Task brief
Only the lines from the one containing "Đèn Thả Dải" through the end of the records should be retyped, exactly and including both ends; pictures stay out.

Source records
::::::::::

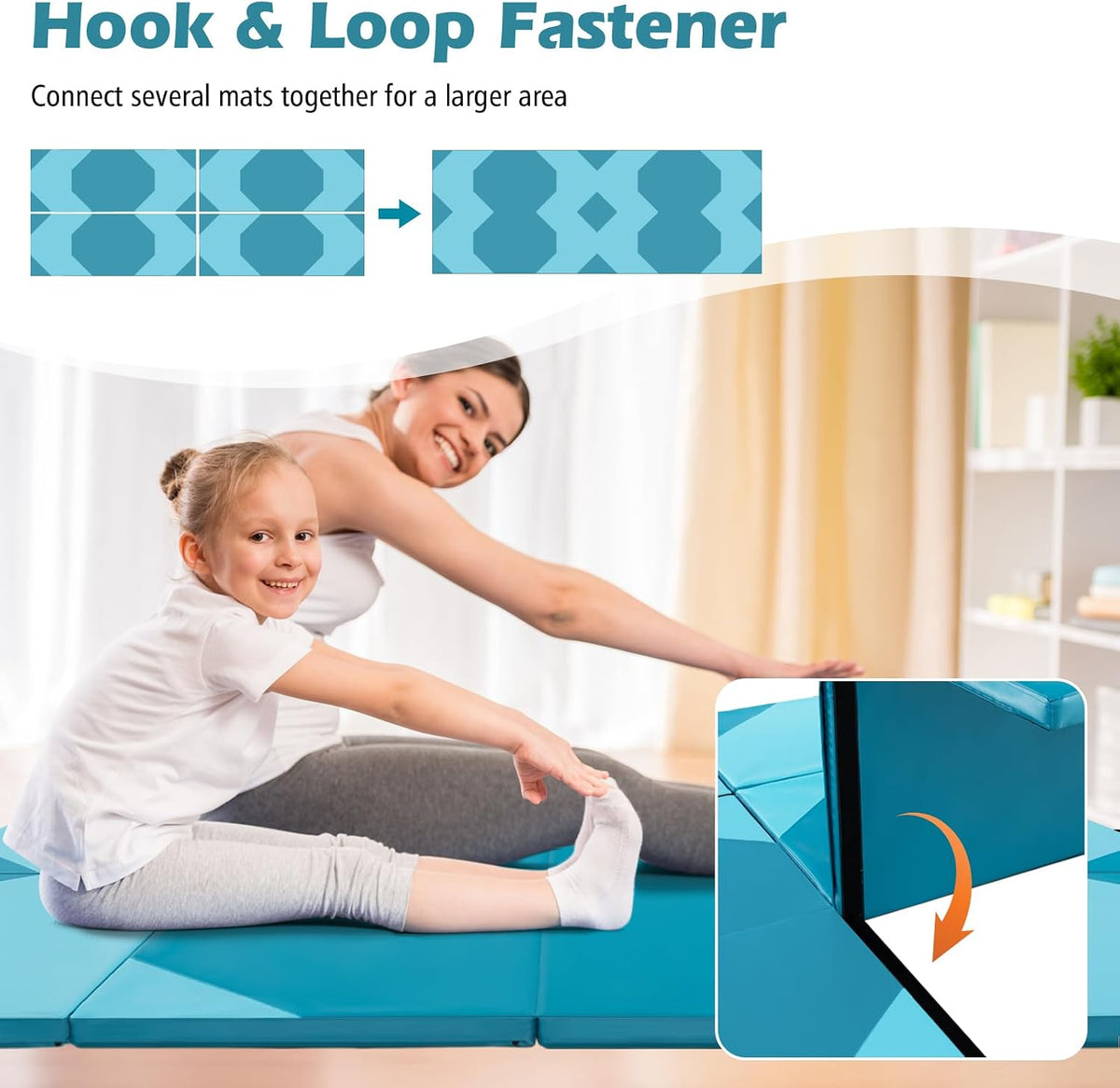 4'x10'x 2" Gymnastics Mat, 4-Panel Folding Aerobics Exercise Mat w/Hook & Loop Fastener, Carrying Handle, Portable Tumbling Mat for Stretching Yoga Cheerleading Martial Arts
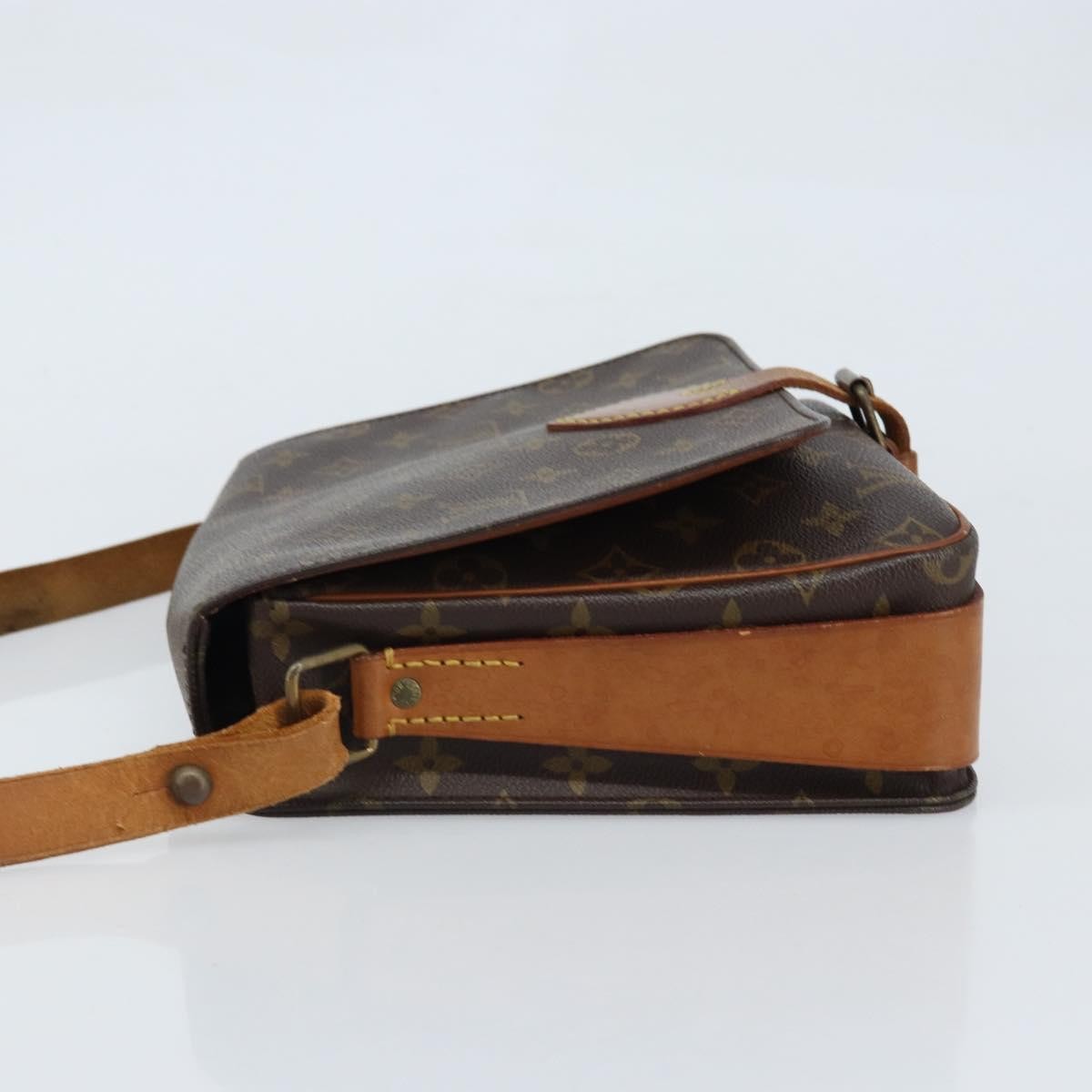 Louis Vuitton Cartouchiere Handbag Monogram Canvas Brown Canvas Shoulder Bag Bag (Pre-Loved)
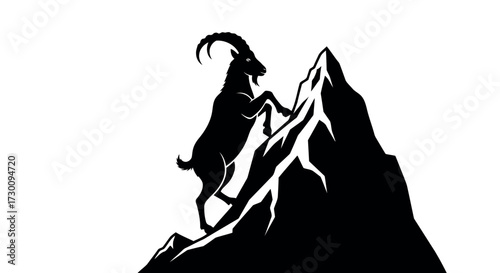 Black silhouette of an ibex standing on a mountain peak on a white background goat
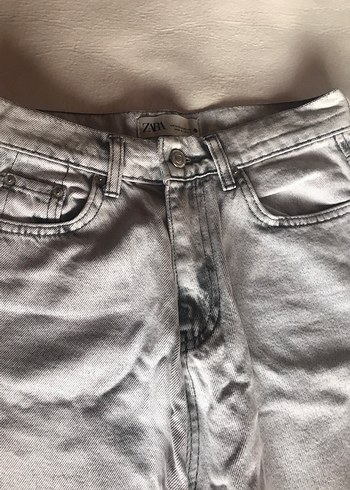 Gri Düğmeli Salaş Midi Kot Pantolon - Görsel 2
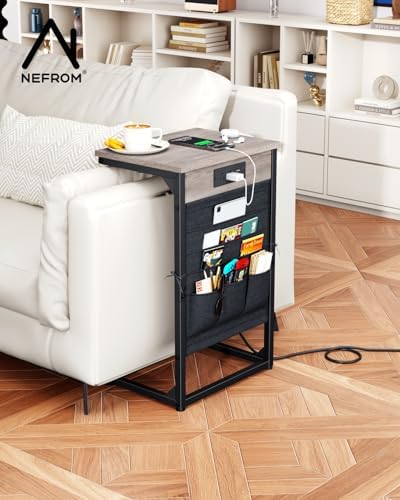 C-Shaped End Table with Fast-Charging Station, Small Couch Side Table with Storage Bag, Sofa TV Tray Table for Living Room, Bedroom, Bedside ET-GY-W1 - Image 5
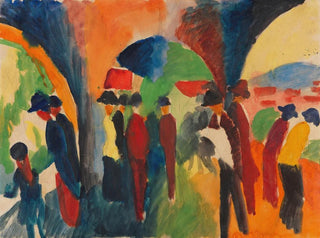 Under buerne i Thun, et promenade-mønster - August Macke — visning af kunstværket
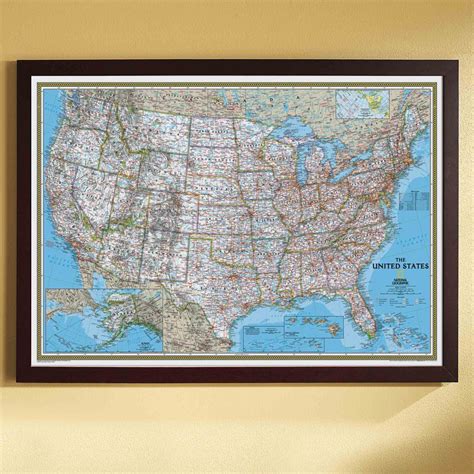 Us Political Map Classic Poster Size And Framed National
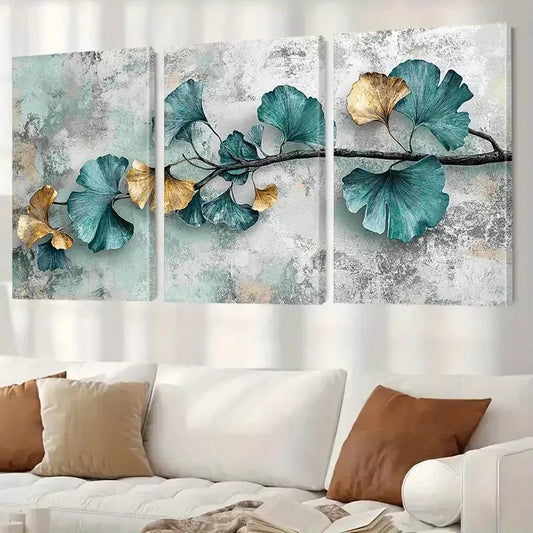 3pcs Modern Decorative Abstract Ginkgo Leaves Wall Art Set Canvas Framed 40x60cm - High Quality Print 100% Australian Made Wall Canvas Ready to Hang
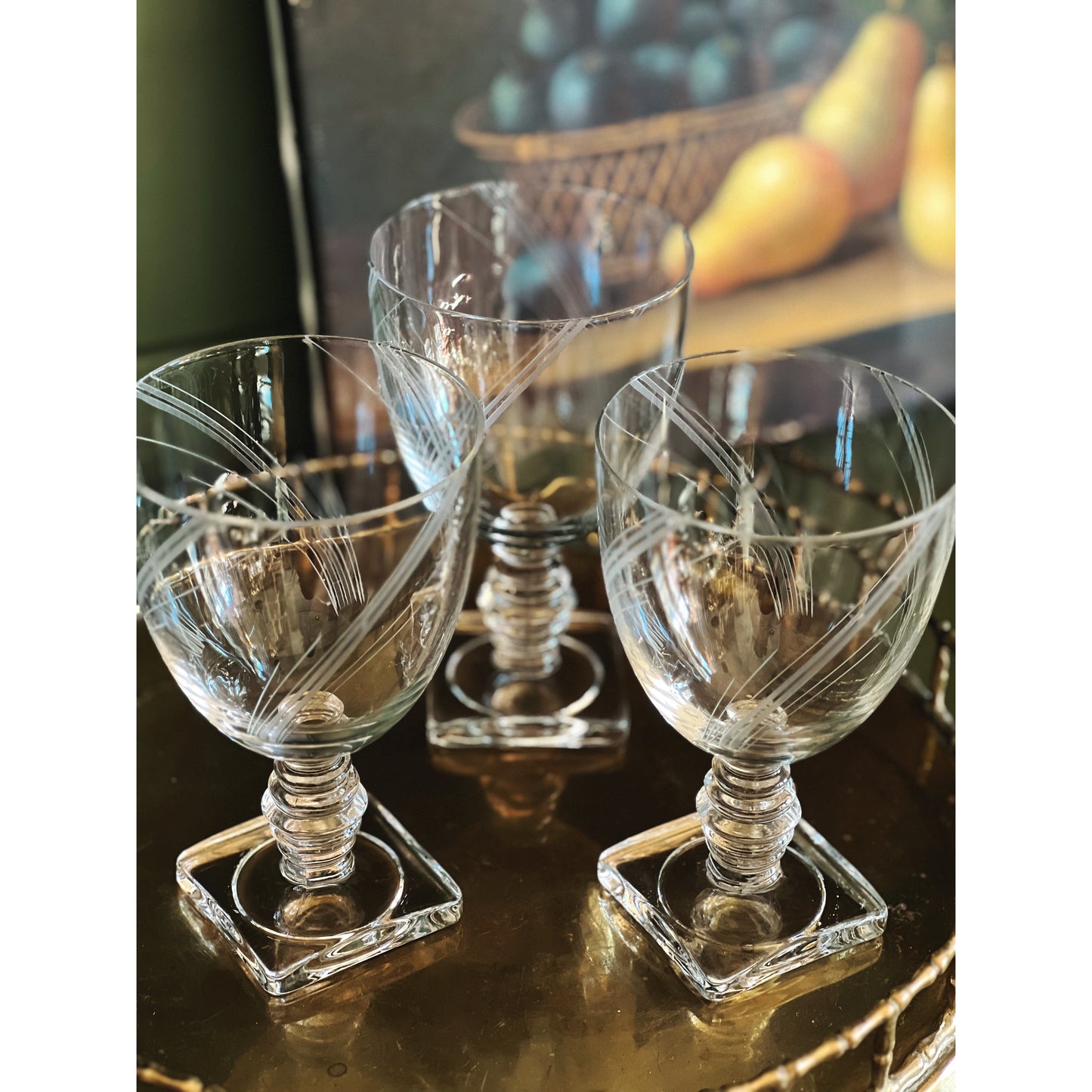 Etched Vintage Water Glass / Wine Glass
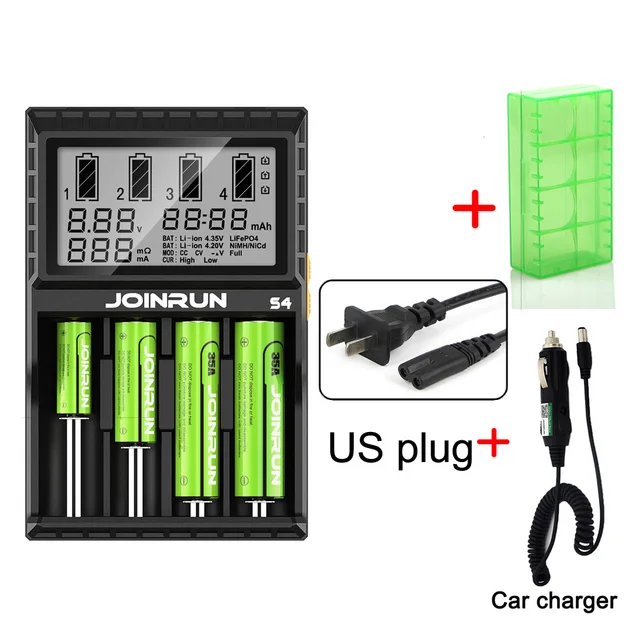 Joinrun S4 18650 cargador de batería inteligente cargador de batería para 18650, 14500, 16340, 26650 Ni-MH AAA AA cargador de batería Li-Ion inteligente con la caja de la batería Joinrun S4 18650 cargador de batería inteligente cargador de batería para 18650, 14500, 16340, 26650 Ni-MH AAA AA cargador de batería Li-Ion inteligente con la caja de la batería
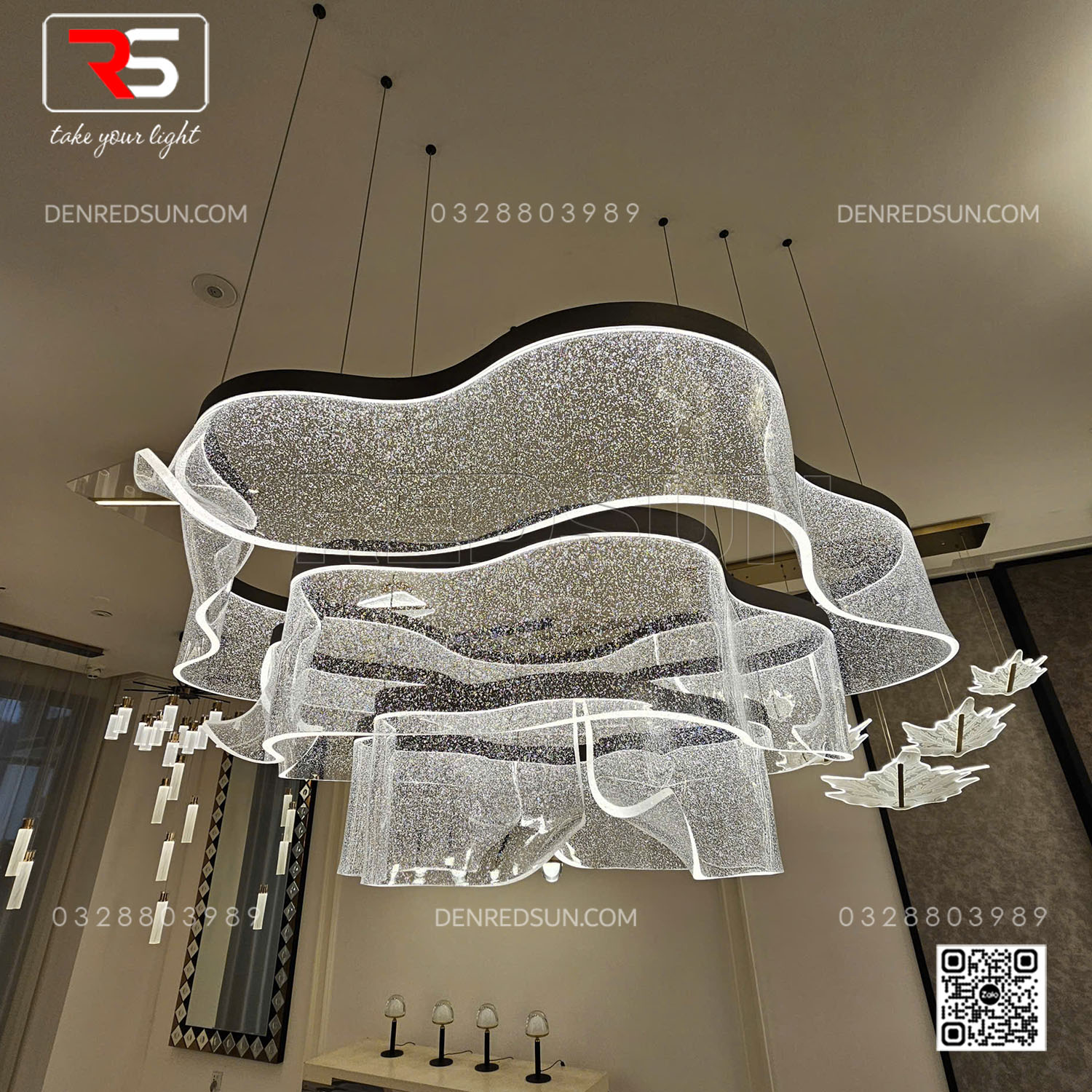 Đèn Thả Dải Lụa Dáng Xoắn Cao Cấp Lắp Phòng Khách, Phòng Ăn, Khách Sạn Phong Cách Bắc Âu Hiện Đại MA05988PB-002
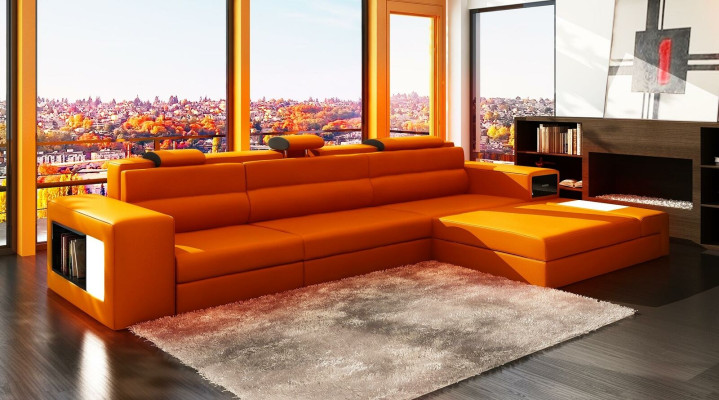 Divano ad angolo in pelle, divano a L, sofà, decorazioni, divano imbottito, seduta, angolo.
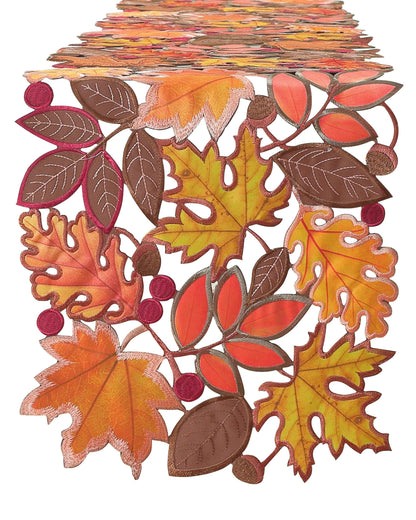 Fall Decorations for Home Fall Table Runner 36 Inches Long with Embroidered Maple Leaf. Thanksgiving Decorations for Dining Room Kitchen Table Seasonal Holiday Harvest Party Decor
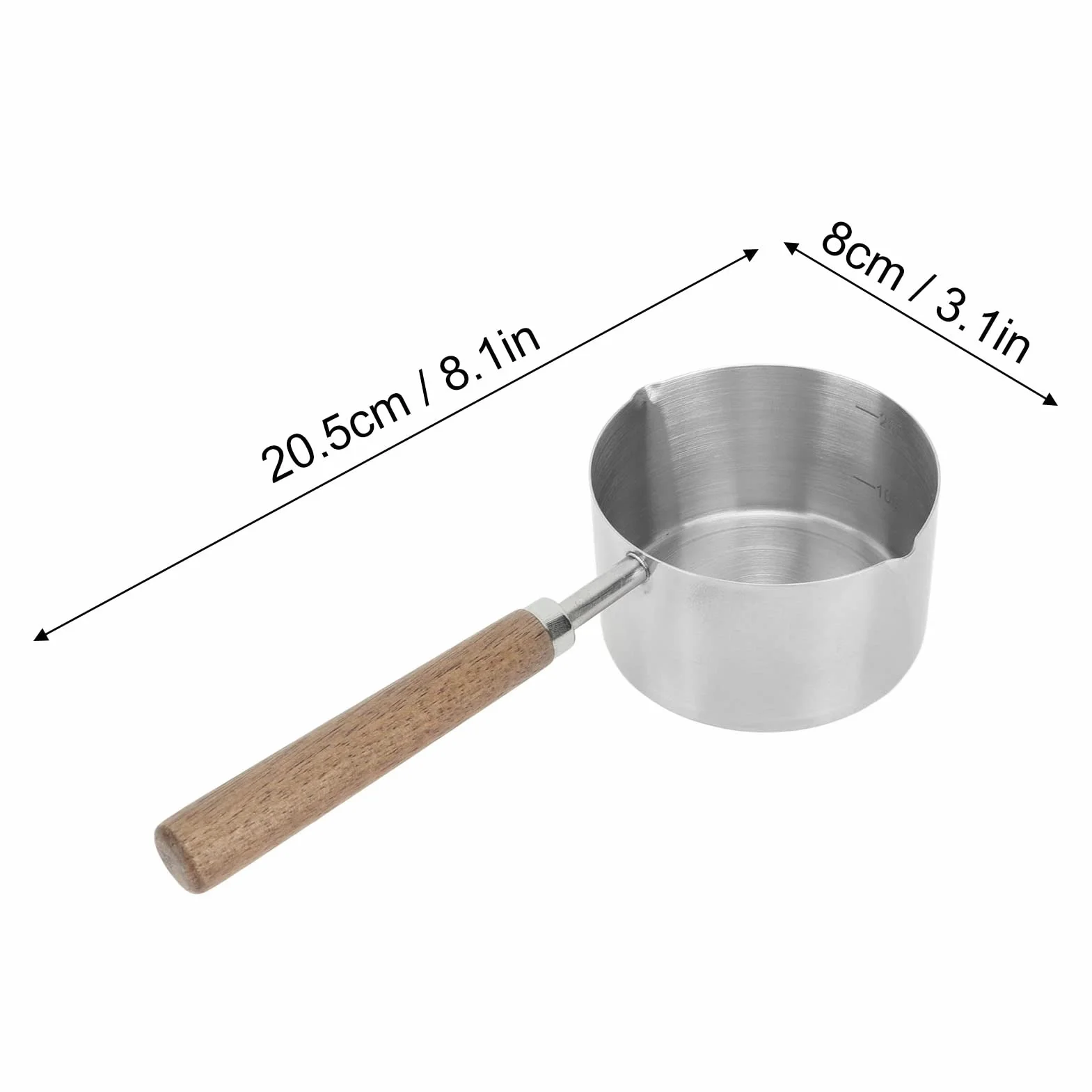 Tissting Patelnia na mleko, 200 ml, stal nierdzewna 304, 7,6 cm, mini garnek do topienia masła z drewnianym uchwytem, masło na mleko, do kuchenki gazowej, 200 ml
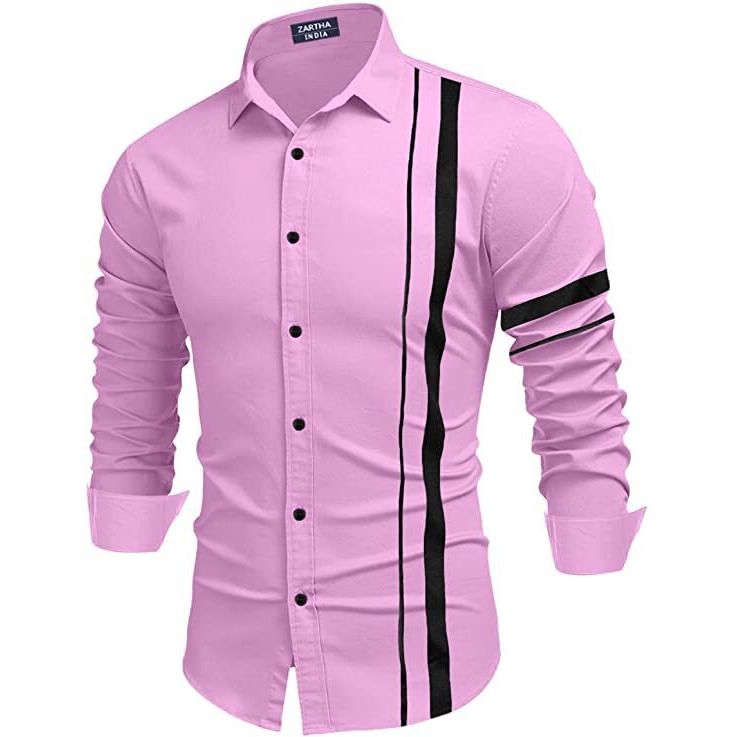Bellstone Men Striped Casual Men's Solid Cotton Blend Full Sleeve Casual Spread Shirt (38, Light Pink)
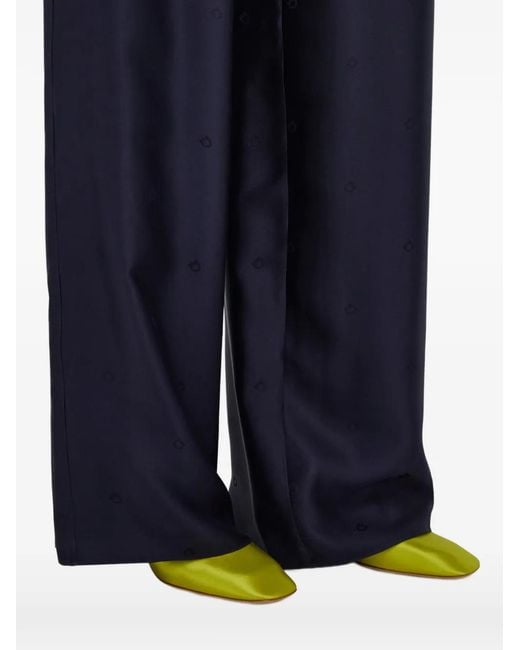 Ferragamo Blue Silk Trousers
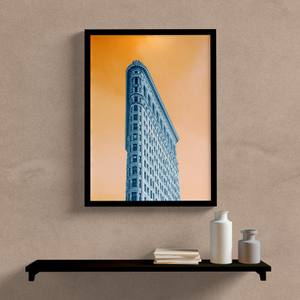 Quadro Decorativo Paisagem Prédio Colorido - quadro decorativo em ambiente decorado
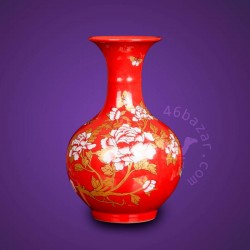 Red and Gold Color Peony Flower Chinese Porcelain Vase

::::::::::

Task answer
 Đèn Thả Dải Lụa Dáng Xoắn Cao Cấp Lắp Phòng Khách, Phòng Ăn, Khách Sạn Phong Cách Bắc Âu Hiện Đại MA05988PB-002
 Divano ad angolo in pelle, divano a L, sofà, decorazioni, divano imbottito, seduta, angolo.
 Fall Decorations for Home Fall Table Runner 36 Inches Long with Embroidered Maple Leaf. Thanksgiving Decorations for Dining Room Kitchen Table Seasonal Holiday Harvest Party Decor
 Tissting Patelnia na mleko, 200 ml, stal nierdzewna 304, 7,6 cm, mini garnek do topienia masła z drewnianym uchwytem, masło na mleko, do kuchenki gazowej, 200 ml
Bellstone Men Striped Casual Men's Solid Cotton Blend Full Sleeve Casual Spread Shirt (38, Light Pink)
 Ferragamo Blue Silk Trousers
 Quadro Decorativo Paisagem Prédio Colorido - quadro decorativo em ambiente decorado
 Red and Gold Color Peony Flower Chinese Porcelain Vase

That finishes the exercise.